PROVIDED DATA
---*---
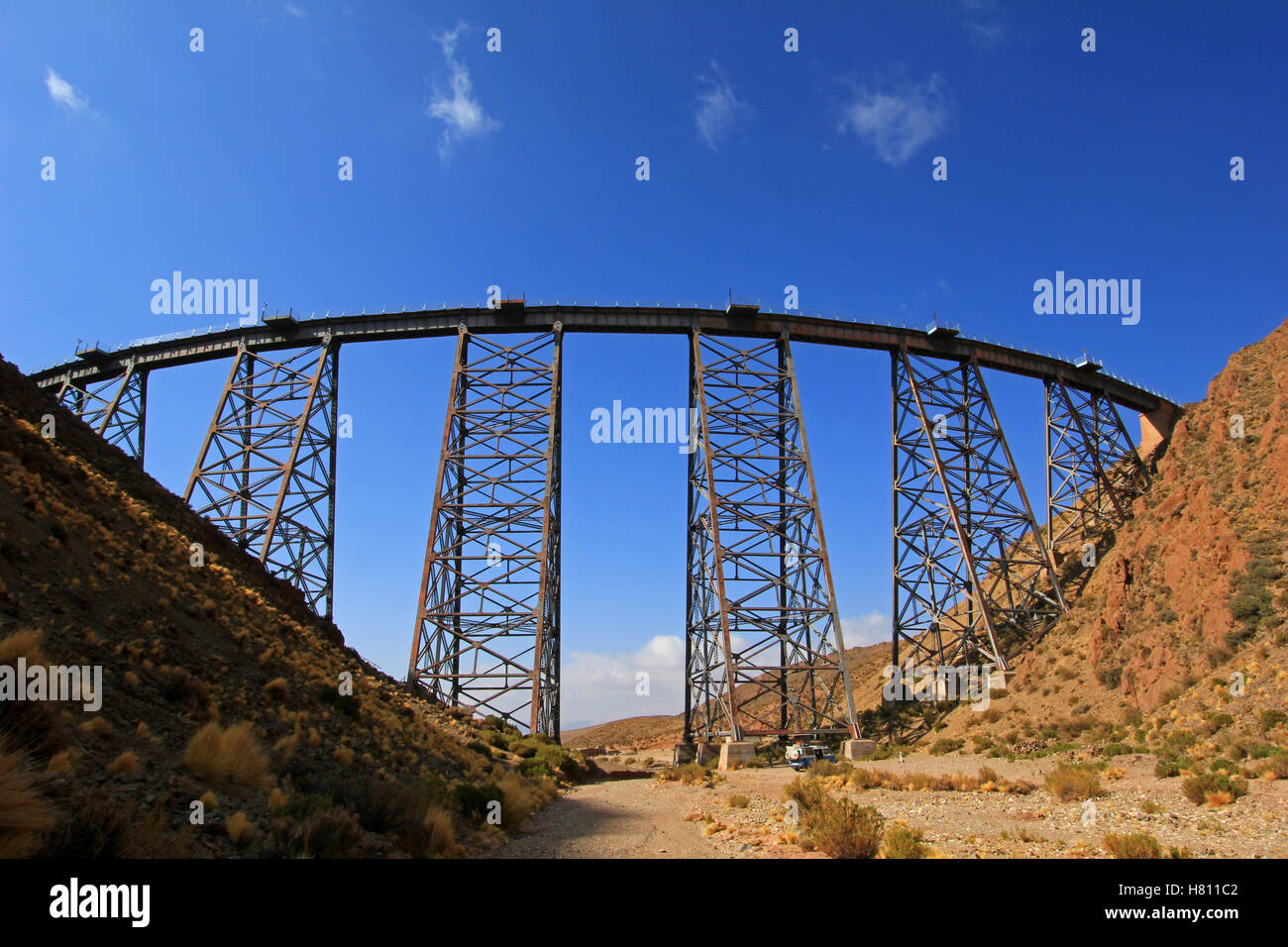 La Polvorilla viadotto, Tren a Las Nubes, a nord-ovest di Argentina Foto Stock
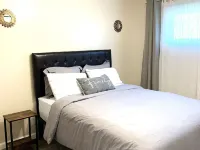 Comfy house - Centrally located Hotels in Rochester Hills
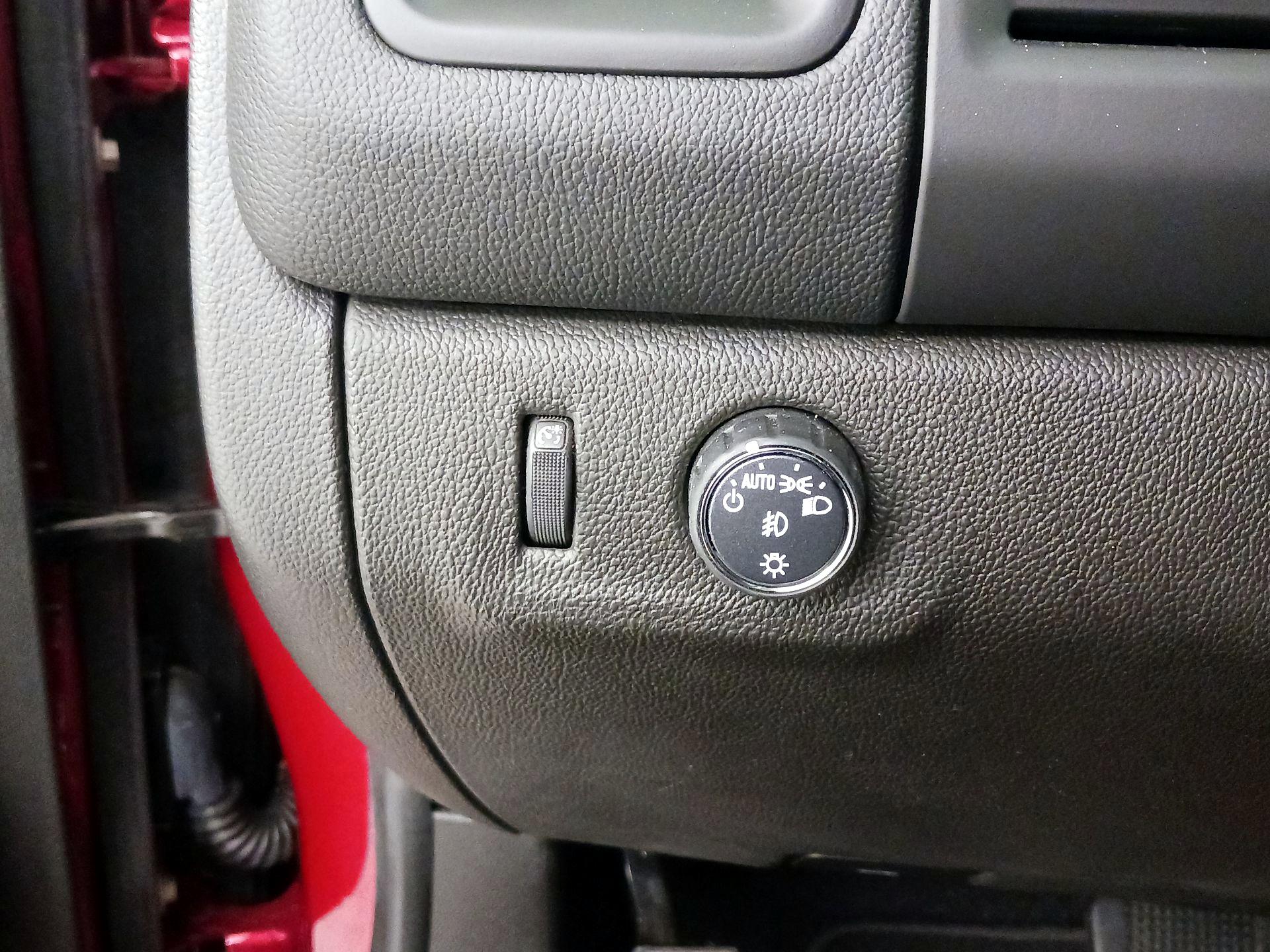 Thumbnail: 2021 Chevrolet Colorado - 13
---*---
PROBLEM TO WORK ON
Begin at the line with "Comfy house - Centrally" and end at the last line of the data above. Reproduce those lines exactly, but not the pictures.

FINISHED TASK
 Comfy house - Centrally located Hotels in Rochester Hills
 Thumbnail: 2021 Chevrolet Colorado - 13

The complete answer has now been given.